Easter Vigil

Life can be really hard when troubles start piling up. Sometimes, having just dealt with a problem, we have to face another one; sometimes, it feels like we are surrounded by challenges with no obvious solution or way out. Three women in today’s gospel, who have just lost Jesus and barely started mourning Him, wondered how to open up the tomb to treat his dead body properly, which had been hastily buried a couple of days earlier. But when they approached the tomb, their problem with the heavy closing stone instantly evaporated, replaced by an incomparably greater problem: Jesus’ body had disappeared. A sense of panic was setting in when they heard the calming words: “There is no need for alarm. You are looking for Jesus of Nazareth, who was crucified: he has risen; he is not here.” They were uttered by “a young man in a white robe seated on the right-hand side” of the tomb. Who was he? Was he trustworthy? Did he calm their fears? The passage we heard ends with his instruction to “go and tell his disciples and Peter.” However, the story didn’t end there; St Mark reported that they “fled from the tomb, for terror and amazement had seized them; and they said nothing to anyone, for they were afraid.”

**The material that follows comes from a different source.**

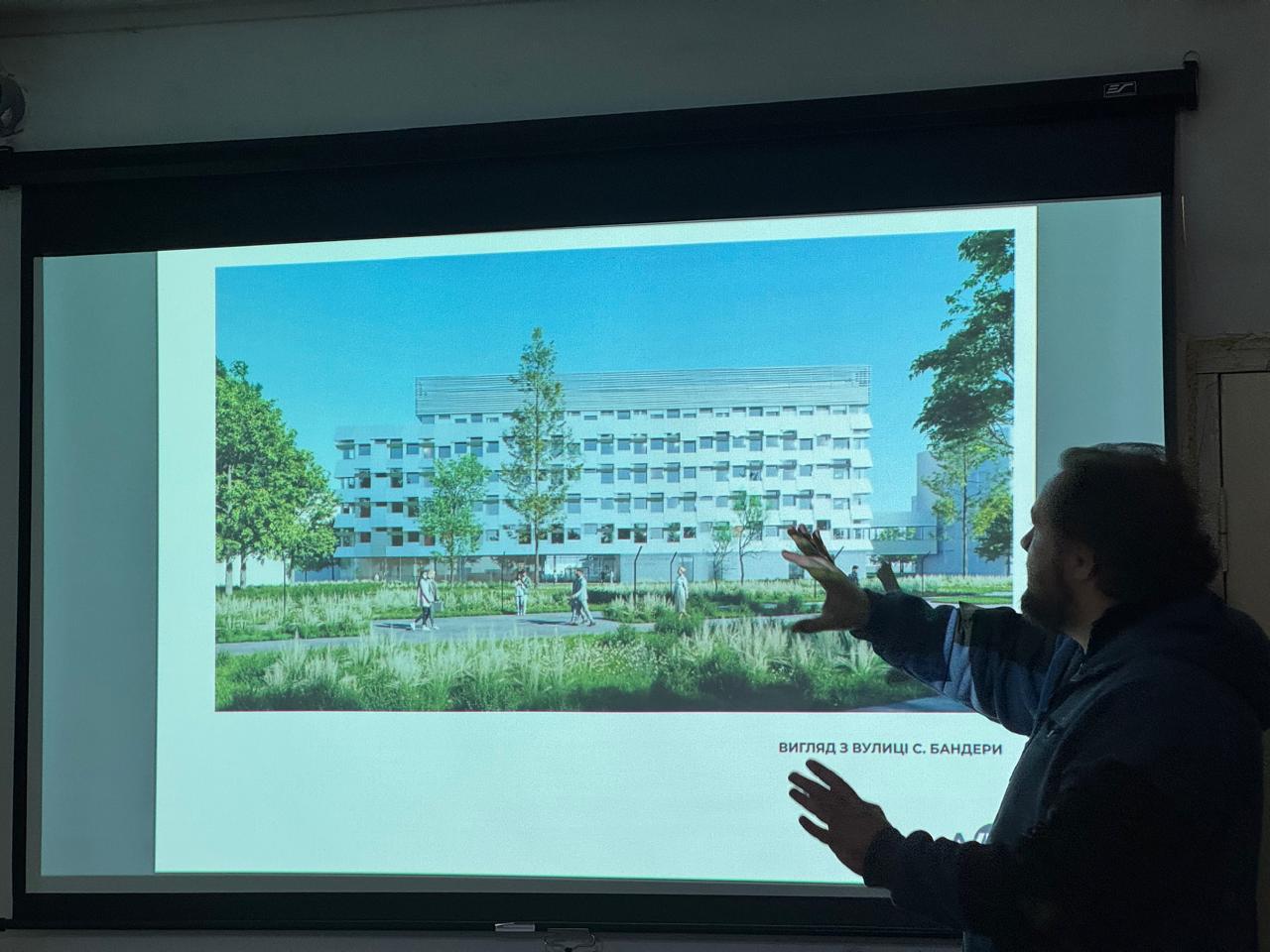 Хірургію у Сарненській лікарні збудують іноземні донори 0000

Over the last few decades, we have experienced a steady decline in church attendance and a general drop in the number of people declaring to be Christians. The extent of this slide is such that some have announced the effective death of religion in the West. Many factors are at play, such as overall prosperity, peace dividend, and better healthcare, to mention just a few. Who needs religion with its purportedly restrictive morals when you can enjoy life to its fullness, taking advantage of every opportunity coming your way? For the first generation of lapsed adult Christians, seemingly nothing changed because – having been raised with religious values and morals – they mostly kept them instinctively in the practice of their everyday lives. But with each new generation raised with increasingly absent religious input, those values we take for granted have started to disappear, replaced by an ever-growing, self-absorbed individualism, where others are either a means of achieving one’s goals or a hindrance in doing so. Suddenly, society is now waking up to a whole raft of insurmountable challenges. Just recently, there have been reports of an epidemic of mental health problems among young people, the explosion of sexually transmitted diseases or the hugely damaging impact of pornography on young men and, consequently, their attitude towards women. The pursuit of ever-illusive individual happiness tends to break families up, providing no safe space for children to grow and mature. Let me be clear; I’m not claiming that in the distant past, in the old days of full churches, everything was rosy and perfect; far from it. However, the moral framework created by the Christian faith offered a solid point of reference for making decisions and choices. Similarly, the narrative of Jesus’ Passion and sacrificial death helped to repurpose our own suffering, pain and challenges, giving us greater resilience in facing and overcoming them.

Today, we – a relatively small group of Christians still trying to practice and live out our faith – have gathered to celebrate Jesus’ resurrection. While we look into the empty, darkened tomb of our modern world, we don’t see Jesus there. We stare into reality and might feel a sense of panic or fear setting in. Today, you see “a young-ish man in a white robe” telling you: “There is no need for alarm. You are looking for Jesus of Nazareth, who was crucified: he has risen; he is not here. […] But you must go and tell” everyone where He can be found. The women in today’s gospel “said nothing to anyone, for they were afraid.” Thankfully, they soon overcame their fears and told others that Jesus was alive. Though initially mocked and dismissed, eventually, they were believed, and thus, a new, undying hope was born.